I cut them by hand on a box with all four sides tapered. Need to keep your wits about you and pay attention, buts its not too hard. I did it in pine which is quite soft and crushes easily, so they aren't as tight as they would be in a harder wood. It was teh treasure chest for my wiffe in my projects. Good luck.


----------



## commajockey (Jun 2, 2009)

The one dovetail jig I've seen that specifically markets that ability is the Keller Jig. Here's an article that shows you how to do it with that jig. I've never tried it personally, but it sure looks cool.

Then again, doing it by hand may be easier and comes with bragging rights. ;-)


----------



## TopamaxSurvivor (May 2, 2008)

I don't have any dovetail jigs, but with a single angle it would probably work. When you get into compound angles, the jig would have to be set for the second angle too. On the single angle dovetail, the bottom would be flat just like a normal dovetail. Hope than makes sense )


----------



## commajockey (Jun 2, 2009)

The Keller site does say you can do compound angles with their jig. But I don't see where it tells you how. Seems like by the time you figure out the setup, you can learn to cut them by hand. But this is coming from a guy who's all thumbs with a back saw.

I have the Keller jig myself and it's super easy to use (and less expensive) for traditional dovetails, and I've even figured out how to do variable spacing to some degree. But by their very nature, jigs tend to limit as much as they enable.


----------



## Karson (May 9, 2006)

Me'a thinkith that this is tougheth.
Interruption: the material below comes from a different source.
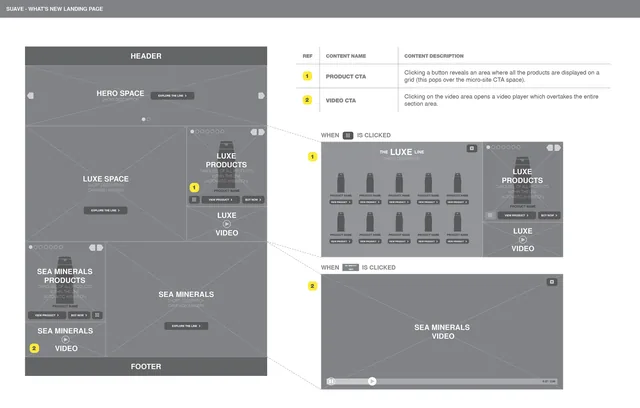 Annotated wireframe of what a click opens: the Luxe product grid and the Sea Minerals video player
Because of multiple angled sides. It's a tough process. The Leigh has some papers that show how to do it, but I gave up on reading them and did a regular rabbit end joint.

Not fancy but completed the process. We were making 100 doll cradles and I figured that wasted wood for 100 cradles could be the by-product. So I went the simple route.


----------



## thiel (May 21, 2009)

The Akeda does angled dovetails and it shows how right in the manual. Though I haven't done any yet, I can tell you that it looks SUPER SIMPLE on this jig: you just insert the pieces at an angle (keeping track of your faces) and you're all set!


----------



## thiel (May 21, 2009)

Actually Akeda has their manual online… near the end it shows angled dovetails. The description is brief because it's very easy (like everything with this jig…)

http://www.akeda.com/pdf/UserManual2007.pdf


----------



## LesB (Dec 21, 2008)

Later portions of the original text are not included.